After some initial resistance, Brad stopped running, jumping, and playing volleyball for several months-- activities that were overloading and hurting his knees.
Brad also bought a variable incline plane, making it possible for him to perform the squatting exercises that I prescribed. My exercise prescription for Brad changed as his Squat Load Tolerance improved. (To see how I measure Squat Load Tolerance, watch this video.)
After several months of working together, and as the spring season approached, Brad informed me that he needed to play volleyball again. I knew his knee joints (the cartilage inside his knees) weren’t as strong and resilient as they needed to be to endure the forces of volleyball without any symptoms, and I shared this insight with him.

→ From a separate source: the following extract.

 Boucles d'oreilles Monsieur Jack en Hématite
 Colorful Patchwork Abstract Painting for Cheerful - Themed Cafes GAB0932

He took ibuprofen and Meloxicam before and after playing three volleyball games. Not surprisingly, he had pain afterwards. But unlike before, his pain resolved by the next morning. Brad was pleased with the improvement, stating "I'm convinced my cartilage is healthier now."
We continued to work together, and he took another break from volleyball. When he returned to playing that summer, the ibuprofen he took was for his back (related to a previous lumbar disc herniation) and not for his knees.
A year later, Brad emailed me, "Just want to let you know the tournament went well! Had a great time. 4 and 2 overall. Lost in playoffs... I played the best I've played in a long time... I was able to get lower than usual on passing and setting... I'm very happy!"